- Born: 1973 (age 52–53)
- Occupation: Fashion designer
- Years active: 2012–present
- Website: http://www.karalaricks.com/

= Kara Laricks =

American fashion designer (born 1973)

Kara Laricks is an American fashion designer. Laricks was the season one winner of Fashion Star.

==Personal life==

Kara Laricks was a fourth grade elementary school teacher for ten years before she quit to become a fashion designer. She loved design as a child and chose to become a teacher because it was a "safe career." Laricks lives and works in New York, New York. Laricks attended the Academy of Art University and graduated in 2008. Laricks is a lesbian who hid her orientation whilst a schoolteacher but remained out personally. She came out publicly on national television during the first season of Fashion Star. She stated she was nervous about coming out on television.

==Professional life==

===Design aesthetic===

Laricks' design aesthetic is very contemporary with men's fashion influences. Laricks cites designer Yohji Yamamoto as her "design idol." She finds influence in Yamamoto's "minimalistic color palette and the avant garde cut of his designs." Her other favorite designers are Yves Saint Laurent and Jil Sander. She also cites actor Tilda Swinton as a style hero. Laricks has described her design aesthetic as "modern-day Annie Hall meets a Japanese street style."

====Fashion Star====

As a designer, Laricks has been described as having a "unique perspective," by H&M fashion buyer Nicole Christie. Her first round of designs during the first episode of Fashion Star featured her signature men's tie, which was made from the collars of men's dress shirts. Laricks designed only ties and was almost eliminated from the show. Saks Fifth Avenue fashion buyer Terron Schaefer questioned whether she was a "one trick pony," which was challenged after the second episode and Larick designed a drape-tie dress which resulted in a bidding war between the programs buyers.

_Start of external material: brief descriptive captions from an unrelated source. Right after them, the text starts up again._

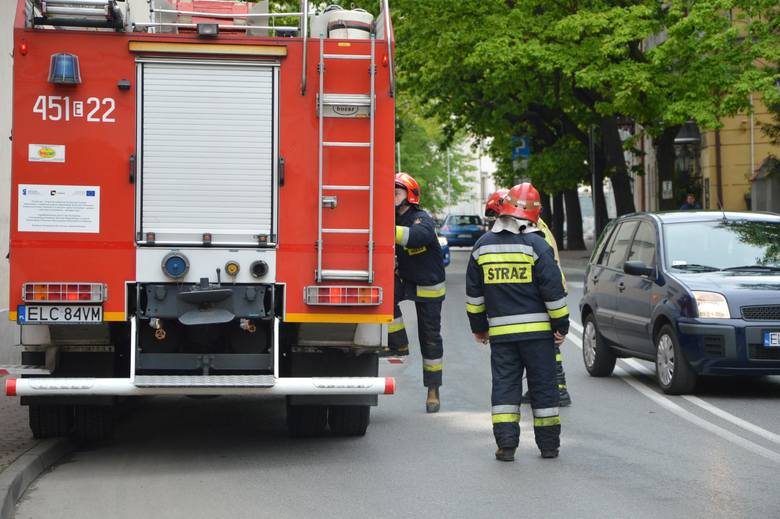 Wypadek drogowy w Łowiczu. Jedna osoba trafiła do szpitala [ZDJĘCIA]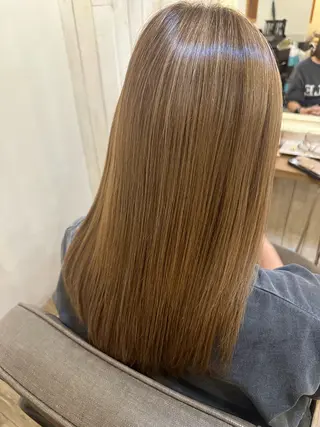 ミディアム 髪質改善/艶髪/ 透明感カラー/サラのヘアスタイル
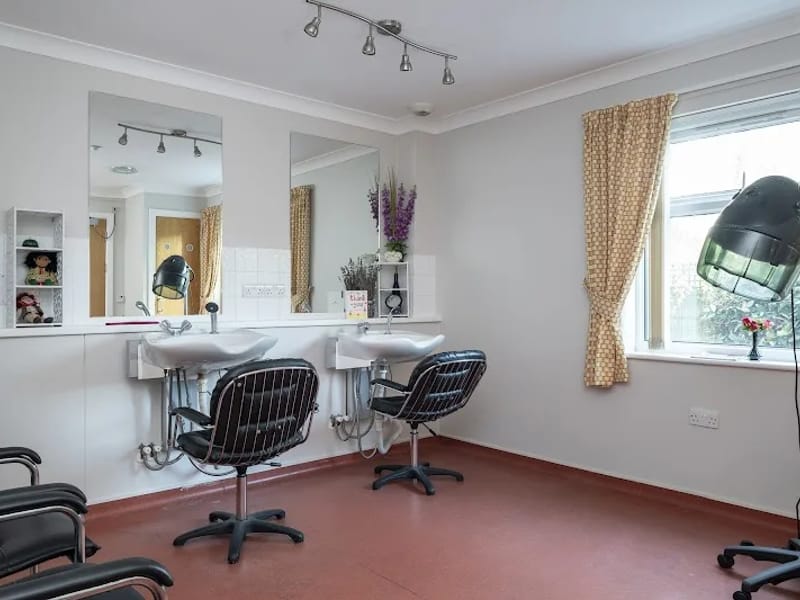 Yoonik Complex Care - Memory Care in Aylesbury, England photo 7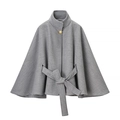 Manteau cape en laine grise avec col montant, ceinture et détail de bouton doré - S / Gris clair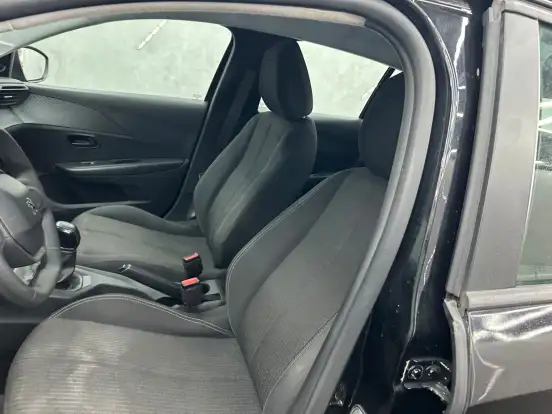 PEUGEOT-208-2023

In the final episode of Fashion Star, Laricks introduced a pair of drop crotch pants, similar to harem pants, which Rolling Stone described as "a bit too contemporary." Designer John Varvatos called them "too crotchety." After presenting three capsule collections to buyers from H&M, Macy's and Saks Fifth Avenue, Jessica Simpson responded that Laricks challenged "every woman to step outside the box." This outsider design style lends Laricks to being considered a specialty designer. Laricks won the first season of the reality-contest program. Rolling Stone credited the show with embracing an "unconventionial" designer and applauded the buyers, especially Macy's, for thinking outside the box and awarding Laricks. Laricks was awarded a grand prize of $6 million of purchases by Macy's, H&M and Saks Fifth Avenue.

Boston Globe fashion critic Rachel Raczka calls Laricks' geometric prints "awkward," while contrasting Laricks' day-to-night workwear as "luxurious."